0 - do not encrypt messages. The encryption checkboxes within Communications Express Mail are displayed as unchecked. This is the default.

1 - always encrypt messages. The encryption checkboxes within Communications Express Mail are displayed as checked.

Example: 

alwaysencrypt==1

alwayssign

Controls the initial setting for whether all outgoing messages are automatically signed for all Communications Express Mail users with permission to use S/MIME. Each Communications Express Mail user can override this parameter’s value for their messages by using the checkboxes described in Table 24–5.

Choose one of these values: 

0 - do not sign messages.

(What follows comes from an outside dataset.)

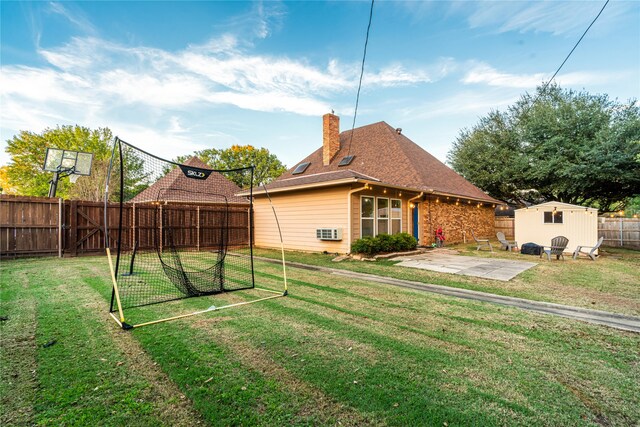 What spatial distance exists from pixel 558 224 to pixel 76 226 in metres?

The signature checkboxes within Communications Express Mail are displayed as unchecked. This is the default.

1 - always sign messages. The signature checkboxes within Communications Express Mail are displayed as checked.

Example: 

alwaysensign==1

certurl

Specifies the LDAP directory information to locate the public keys and certificates of Communications Express Mail users (the LDAP attribute for public keys is usercertificate;binary). See 24.11 Managing Certificates for more information about certificates.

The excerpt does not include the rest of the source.